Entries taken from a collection
--- START ---

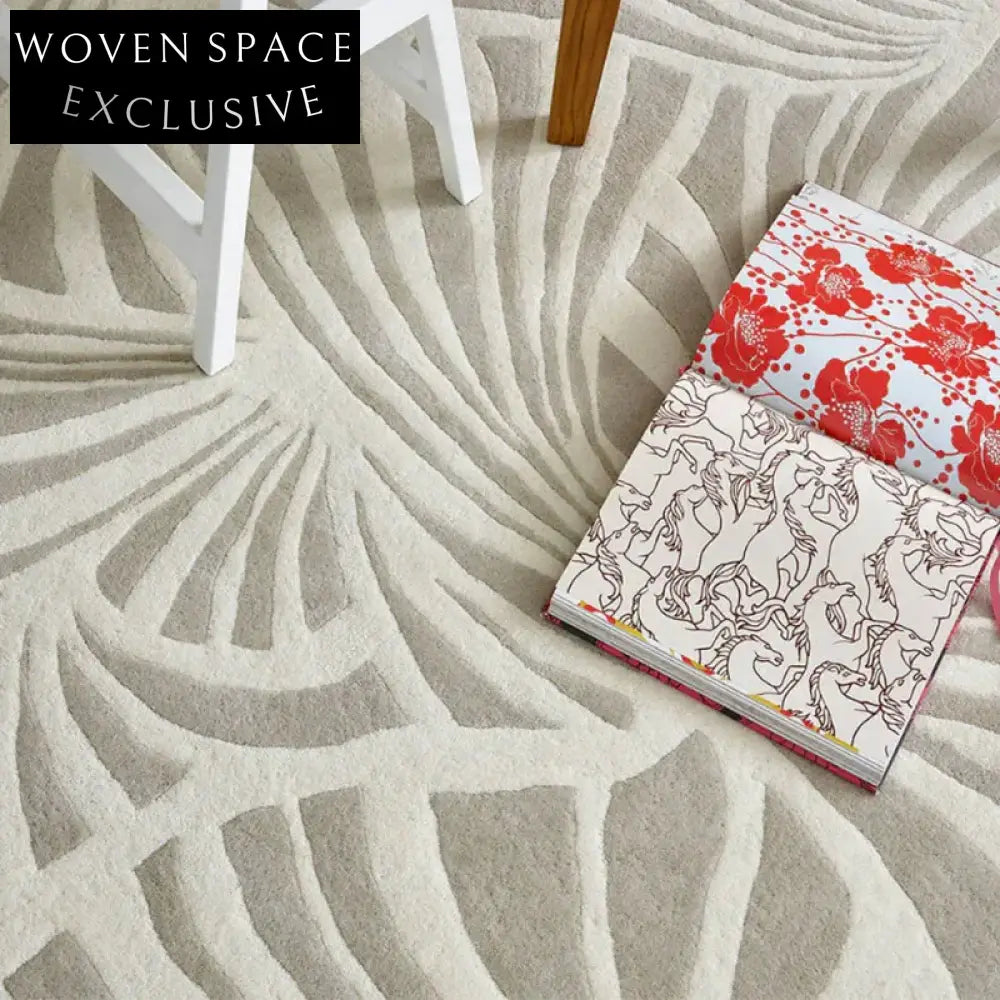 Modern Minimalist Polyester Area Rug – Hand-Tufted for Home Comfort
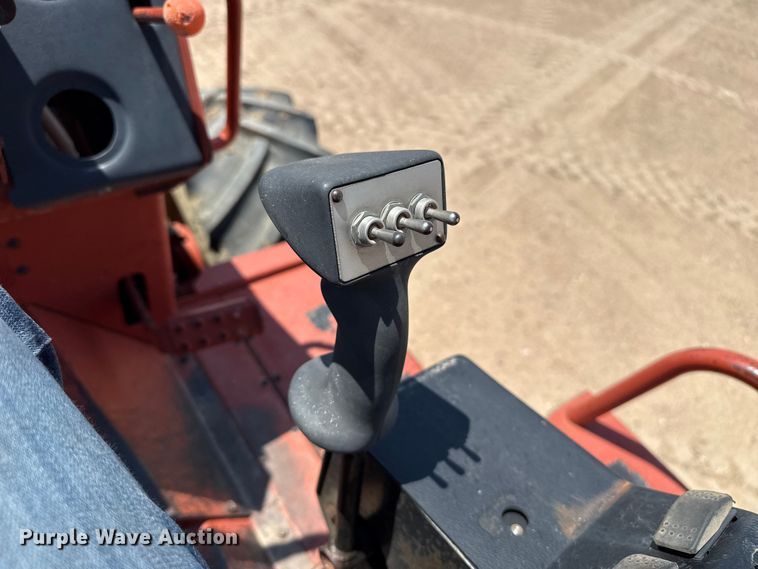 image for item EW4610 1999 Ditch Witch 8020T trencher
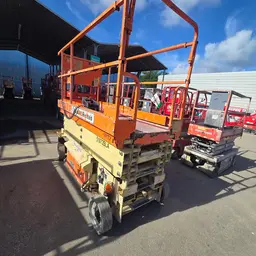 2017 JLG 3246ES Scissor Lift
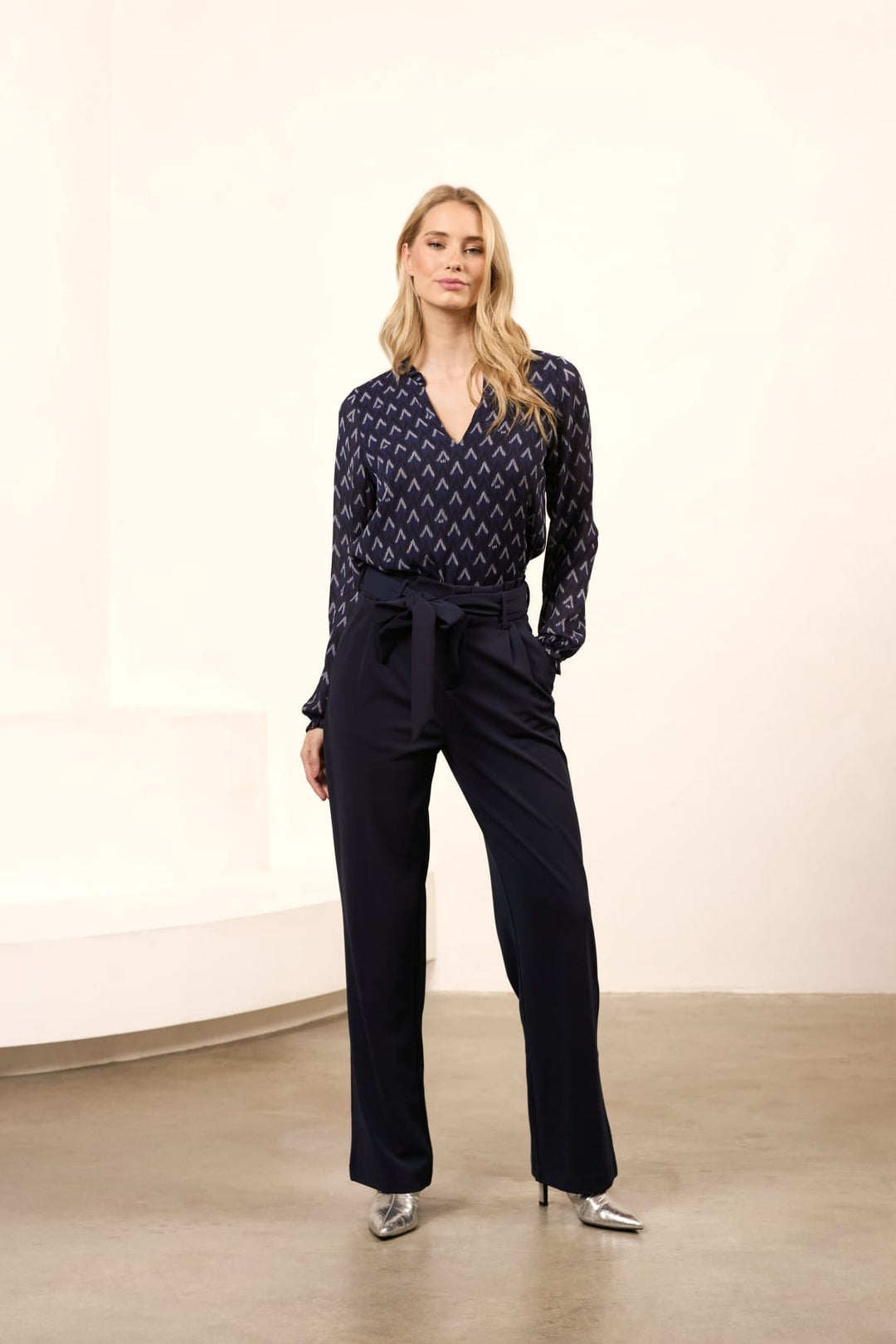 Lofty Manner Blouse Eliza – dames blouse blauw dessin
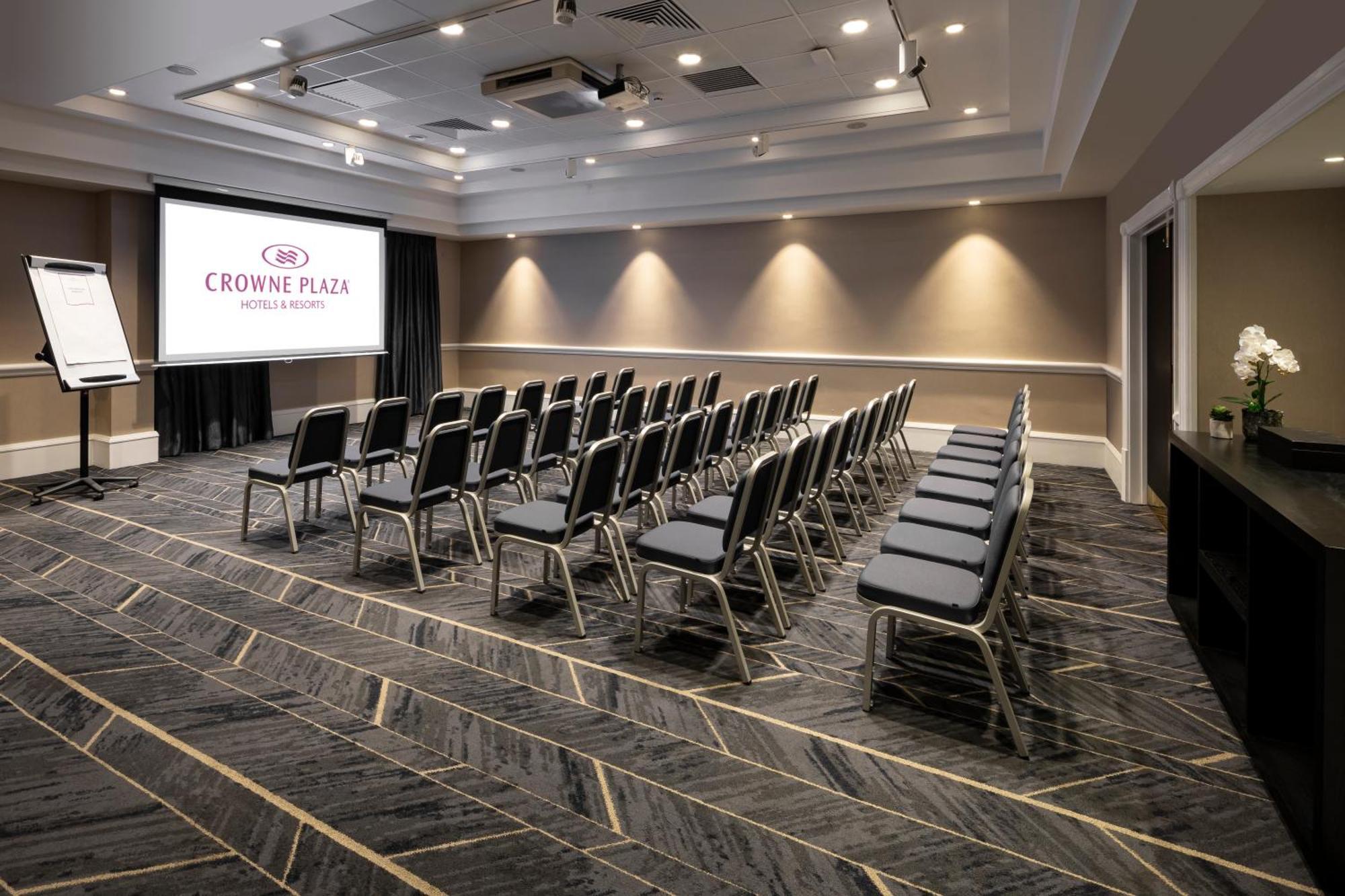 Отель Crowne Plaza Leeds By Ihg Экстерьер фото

--- END ---

# WORK ITEM:
Word for word, restate the records shown above, minus the pictures.

# OUTPUT FOR THIS TASK:
 Modern Minimalist Polyester Area Rug – Hand-Tufted for Home Comfort
 image for item EW4610 1999 Ditch Witch 8020T trencher
 2017 JLG 3246ES Scissor Lift
 Lofty Manner Blouse Eliza – dames blouse blauw dessin
 Отель Crowne Plaza Leeds By Ihg Экстерьер фото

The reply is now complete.